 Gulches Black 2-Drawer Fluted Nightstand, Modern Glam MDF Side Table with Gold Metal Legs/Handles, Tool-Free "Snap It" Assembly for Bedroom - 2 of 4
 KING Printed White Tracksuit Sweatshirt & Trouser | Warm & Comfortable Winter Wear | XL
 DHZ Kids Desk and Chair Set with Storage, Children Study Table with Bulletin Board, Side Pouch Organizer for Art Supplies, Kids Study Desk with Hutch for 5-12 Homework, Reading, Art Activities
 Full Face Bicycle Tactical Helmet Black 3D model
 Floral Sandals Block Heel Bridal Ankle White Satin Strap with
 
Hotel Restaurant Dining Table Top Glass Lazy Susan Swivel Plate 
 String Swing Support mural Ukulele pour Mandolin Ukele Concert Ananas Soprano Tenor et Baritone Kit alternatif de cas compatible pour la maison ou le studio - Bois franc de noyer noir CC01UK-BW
- - - - - - -
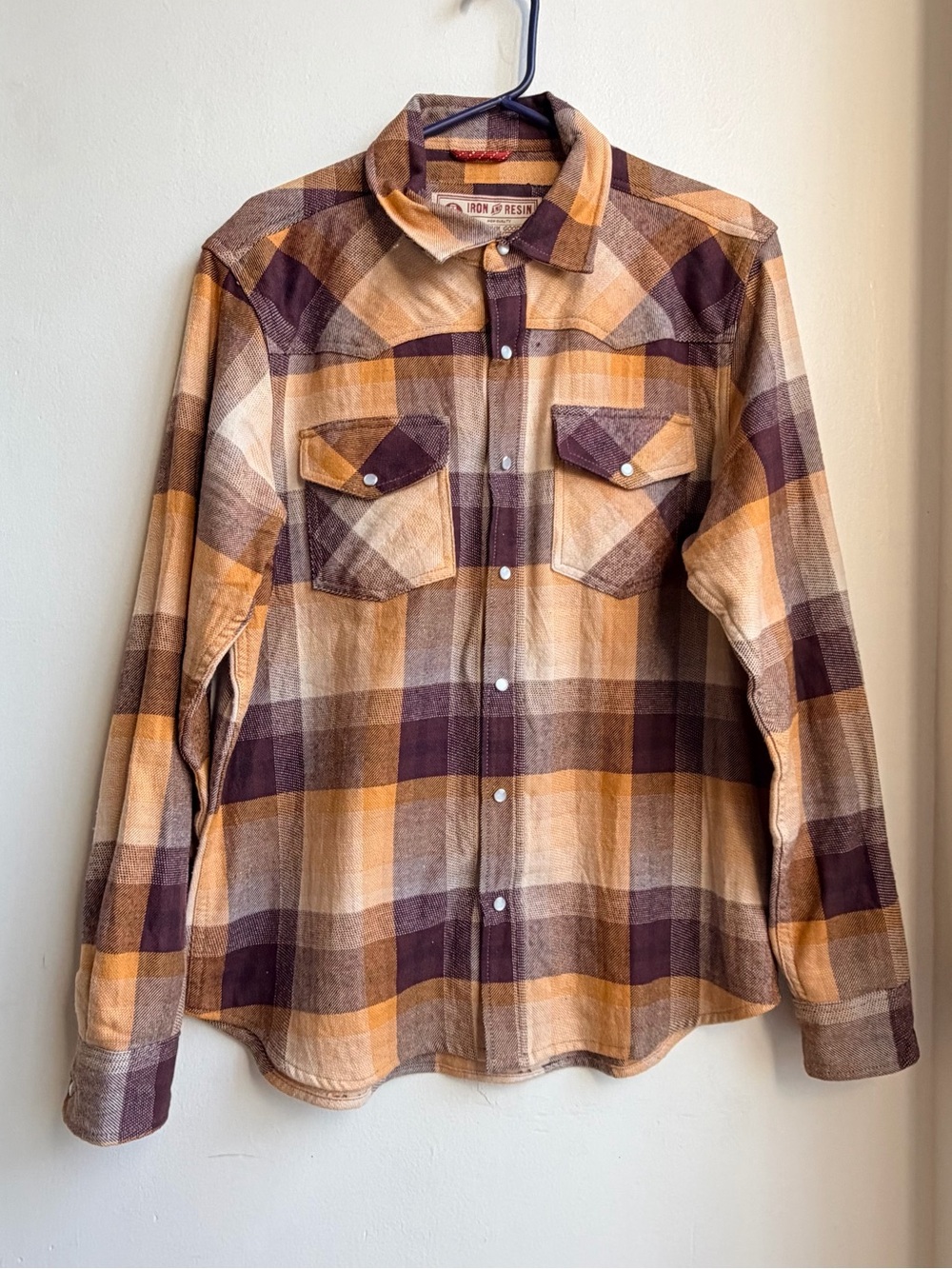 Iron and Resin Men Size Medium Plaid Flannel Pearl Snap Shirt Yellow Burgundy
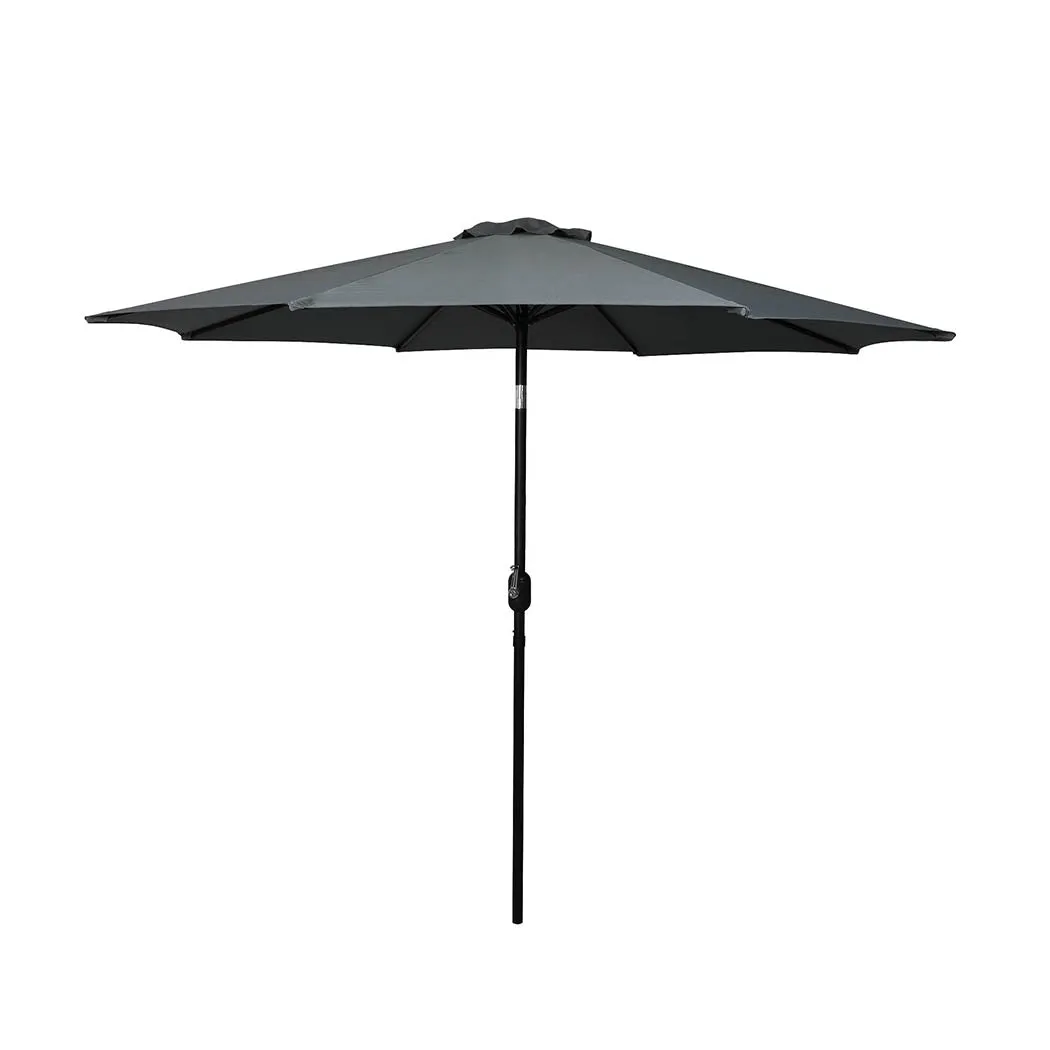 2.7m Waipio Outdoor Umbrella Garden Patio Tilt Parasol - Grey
- - - - - - -
EXERCISE AIM> The required output is a copy of each line in the records where the string "Black" occurs.

ANSWER SPACE>
 Gulches Black 2-Drawer Fluted Nightstand, Modern Glam MDF Side Table with Gold Metal Legs/Handles, Tool-Free "Snap It" Assembly for Bedroom - 2 of 4
 Full Face Bicycle Tactical Helmet Black 3D model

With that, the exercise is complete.